Vast ranges of volcanoes lie deep below the waves along the mid-ocean ridges that run like stitches where the earth’s tectonic plates meet.
It has always been assumed that these giants of vulcanism slowly oozed lava into the spaces left by plate movements at a regular, steady pace, having no influence on our world of air thousands of metres above them.
However, a new study shows that actually these undersea volcanoes flare up in regular cycles – some as often as every two weeks, others every 100,000 years or so – and that these eruptions happen almost exclusively in the first six months of every year.
These pulses in lava ejection are apparently tied to short- and long-term changes in the earth’s orbit and to sea-levels and may trigger natural climate swings.
The chains of undersea volcanoes stretch some 37,000 miles around the world’s oceans and produce possibly eight times as much lava as land volcanoes.
A couple of million years ago the heart of our galaxy, the Milky Way, was convulsed in a titanic eruption, driving gases and other materials outward at over 2 million miles an hour.

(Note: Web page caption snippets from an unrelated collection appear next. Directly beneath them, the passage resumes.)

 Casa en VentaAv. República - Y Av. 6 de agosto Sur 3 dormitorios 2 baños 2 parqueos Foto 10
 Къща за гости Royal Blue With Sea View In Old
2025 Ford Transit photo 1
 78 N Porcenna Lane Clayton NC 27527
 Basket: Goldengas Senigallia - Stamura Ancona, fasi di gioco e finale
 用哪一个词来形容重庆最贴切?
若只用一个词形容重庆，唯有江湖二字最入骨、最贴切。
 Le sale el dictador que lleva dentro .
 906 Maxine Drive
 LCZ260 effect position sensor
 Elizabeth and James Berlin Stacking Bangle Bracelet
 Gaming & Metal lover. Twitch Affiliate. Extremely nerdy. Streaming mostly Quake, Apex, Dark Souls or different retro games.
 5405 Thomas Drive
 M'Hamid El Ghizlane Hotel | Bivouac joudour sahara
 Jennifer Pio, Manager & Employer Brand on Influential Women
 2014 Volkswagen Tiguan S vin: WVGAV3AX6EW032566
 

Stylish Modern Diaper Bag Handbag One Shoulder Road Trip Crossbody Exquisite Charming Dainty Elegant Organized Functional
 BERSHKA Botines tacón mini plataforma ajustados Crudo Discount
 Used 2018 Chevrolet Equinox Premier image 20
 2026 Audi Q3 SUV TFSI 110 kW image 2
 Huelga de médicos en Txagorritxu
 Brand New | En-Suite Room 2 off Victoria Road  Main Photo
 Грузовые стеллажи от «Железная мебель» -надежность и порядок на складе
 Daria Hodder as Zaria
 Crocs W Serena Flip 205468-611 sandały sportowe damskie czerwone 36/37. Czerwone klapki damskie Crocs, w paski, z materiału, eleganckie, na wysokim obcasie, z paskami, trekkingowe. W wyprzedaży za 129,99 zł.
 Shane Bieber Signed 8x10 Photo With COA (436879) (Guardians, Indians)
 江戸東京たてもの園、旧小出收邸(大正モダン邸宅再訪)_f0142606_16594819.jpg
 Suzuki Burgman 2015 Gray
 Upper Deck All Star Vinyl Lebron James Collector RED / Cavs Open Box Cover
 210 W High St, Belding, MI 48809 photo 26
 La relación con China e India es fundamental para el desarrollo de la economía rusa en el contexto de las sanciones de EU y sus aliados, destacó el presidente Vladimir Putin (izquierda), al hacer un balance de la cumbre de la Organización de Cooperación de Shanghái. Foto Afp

The aftermath of this mega-explosion can be seen today – billowing clouds of gas tower 30,000 light years above and below the plane of our galaxy.
This enormous structure was discovered five years ago, showing up as a gamma-ray glow in the sky, and being observed in x-rays and radio waves.
There are two possible origins for these massive bubbles of gas – perhaps there was a firestorm of star births at the galaxy’s centre, which would have produced supernovas and blown out the gas. Alternatively, a group of stars could have fallen into the super-massive black hole that lurks there, which would have blasted super-heated gas deep into space.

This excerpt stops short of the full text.